Qu'à cela ne tienne, je réfléchis à la manière de présenter une nouvelle collection de réécriture de classiques. Un point commun finit par me sauter aux yeux : la plupart des classiques proposent des histoires d'amour. Eurêka : ce sera une collection de romance. Je propose même le nom qui sera adopté (mais sans le tiret) : "In-love" (pour in-folio). Bien sûr, je propose Bérénice comme premier titre.

Malheureusement, cette collection va connaître le même destin que "Remake", dix ans plus tard. On sort seulement une demi-douzaine d'ouvrages avec pourtant des autrices qui ont fait leurs preuves comme Charlotte Bousquet ou Camille Brissot. Les couvertures sont assez kitsch, comme si l'éditeur n'était pas à l'aise avec le sujet. Et puis, la direction change quelques mois après le lancement et "In love" tombe dans les oubliettes.

De mon côté, l'écriture n'est pas facile. J'écris un premier roman qui ne convainc personne. Je jette le manuscrit et écris une toute nouvelle version. Cette fois, cela prend. Le roman est publié. Mais la collection s'arrête bientôt et Rageot me rend mes droits sur l'ouvrage qui ne sera plus exploité.

Qu'en reste-t-il en le relisant ? Eh bien, comme avec Ce stage était vraiment mortel, où je m'essayais au roman d'horreur, je me livrais là à un essai de romance. Et l'essai n'est pas entièrement transformé. Toujours inquiet de ne pas ennuyer mes lecteurices, je vais trop vite et je ne laisse pas assez de place aux sentiments pour se développer. Le corps de mes personnages est quasi-absent. En outre, mon choix de raconter au passé simple (sans doute dans l'espoir de donner des gages de légitimité aux prescripteurices) achève de bloquer l'émotion.

J'ai l'air sévère avec mon petit roman mais je continue de l'aimer.
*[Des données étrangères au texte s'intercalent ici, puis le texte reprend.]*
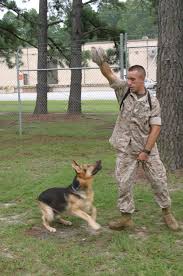 Look good, feel good, are good & (especially) do good. Kennel S Top Dog Sent To Iraq For Second Time Sniffing Out Weapons Terrorists Marine Corps Air Station Beaufort News View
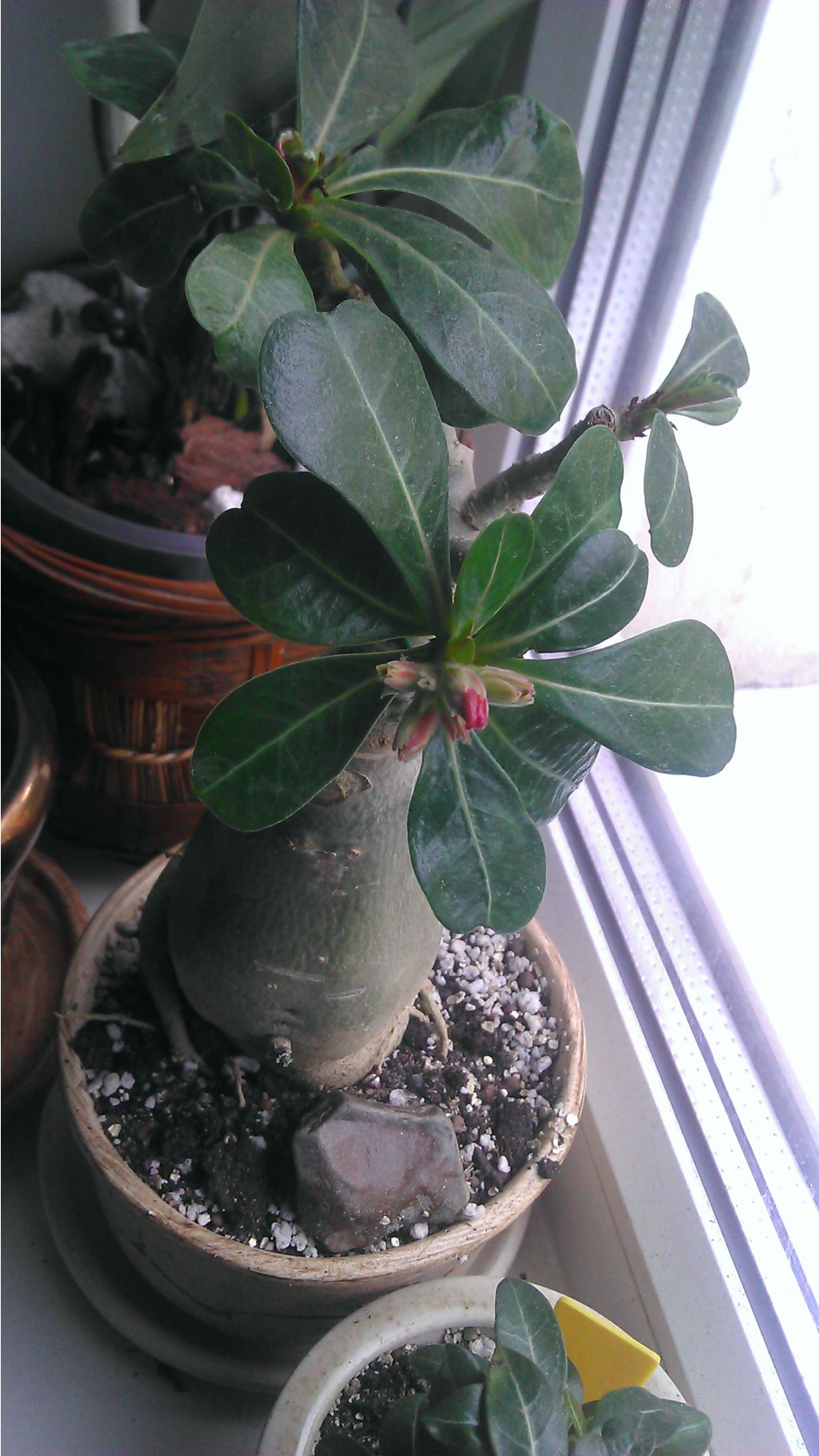2013-05-29 15.47.20.jpg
J'aimerais le retravailler sans doute un peu à la manière dont j'avais traité La Traviata et où il me semble que j'avais mieux réussi à lâcher la bride à mon lyrisme. Et puis, l'ouvrage devrait être un peu allongé et passé au présent. Mais, pour le reste, je suis heureux de mes quelques trouvailles et adaptations, notamment l'ange gardien d'Arslan qui lui donne des conseils. Et je reste persuadé (Charlotte est d'ailleurs sur la même longueur d'onde) qu'il y a de la place dans le milieu éditorial pour une collection de réécritures modernisées de classiques pour la jeunesse.